Денис не отставал от своих товарищей. Дорогие билеты поглощали значительную сумму из его скромных средств. Нельзя было отказаться и от складчины на подарки артистам и банкеты с ними. Театр обходился слишком дорого. И разумеется, Дибич прав… Сократить расходы можно. Военные знания следует постоянно совершенствовать. Твердость Дибича в этом вопросе ему понравилась. Через некоторое время Денис начал тоже брать уроки у Торри. Правда, майор оказался большим хвастуном. и пустословом, но сообщал и много полезного.

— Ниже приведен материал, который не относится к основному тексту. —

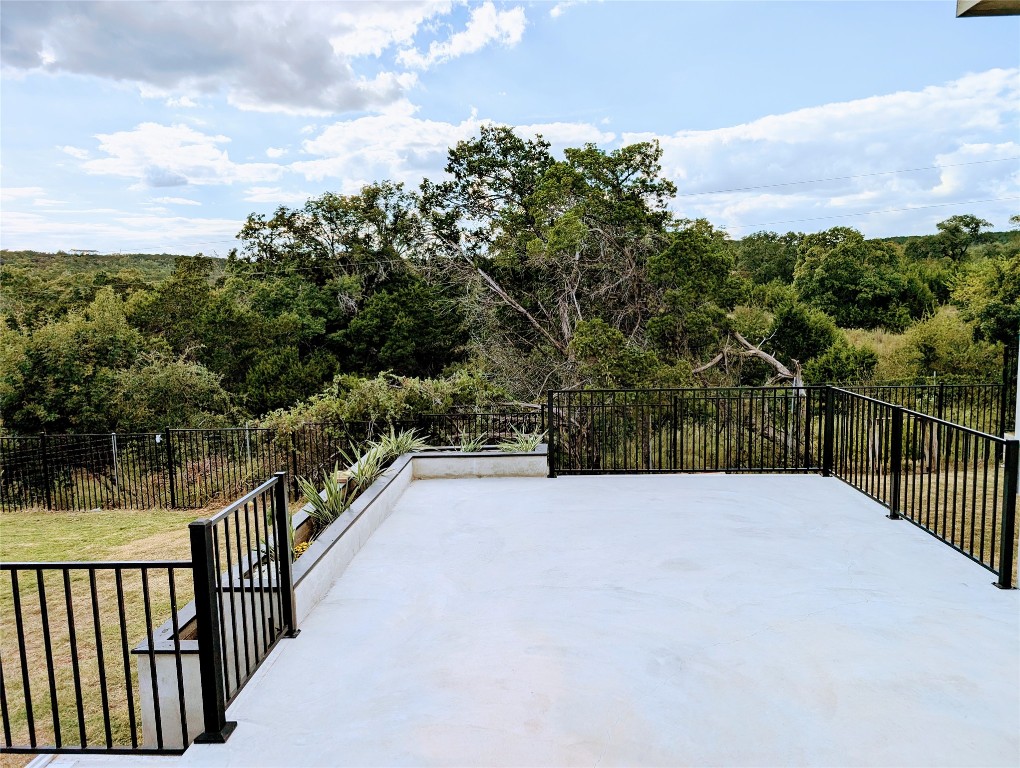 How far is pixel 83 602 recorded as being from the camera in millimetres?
6184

Продолжая встречаться во время караулов, Давыдов и Дибич обменивались своими знаниями в изучении стратегии и фортификации, проверяли один другого. Однако приятельские отношения между ними не наладились – разделяли различные взгляды и стремления. Дибич упрямо отстаивал старые прусские военные доктрины, был сух, педантичен, склонен к штабной деятельности. Денис самым высоким военным авторитетом считал Суворова и при живости своего характера мечтал лишь о боевых лаврах. Мысленно определив подпоручика-семеновца в категорию «бештимтзагеров», Давыдов не мог побороть к нему неприязненного чувства.
Находясь под влиянием Каховского и Ермолова, Денис в те годы избегал дружбы с немцами, хотя в гвардии их служило много. Среди обширного круга знакомых молодого Давыдова человека с немецкой фамилией можно было встретить лишь случайно.
В то же время недостаточность средств заставляла невольно отдаляться от аристократической– военной молодежи, проводившей время в кутежах. Денис не пил, не курил, не играл в карты.
Борис Антонович Четвертинский, ставший близким человеком с первых дней службы, жил так же скромно, как и Денис. Вкусы и настроения их во многом сходились. Борис Четвертинский, по происхождению поляк, был из знатного, но оскудевшего рода, известного своей преданностью России.
Князь Антоний Четвертинский, отец Бориса и двух его старших сестер – Жаннетты и Марии, за сочувствие русским был убит восставшими поляками в 1794 году. Императрица Екатерина распорядилась взять сирот ко двору: Бориса записали в гвардию, сестер сделали фрейлинами.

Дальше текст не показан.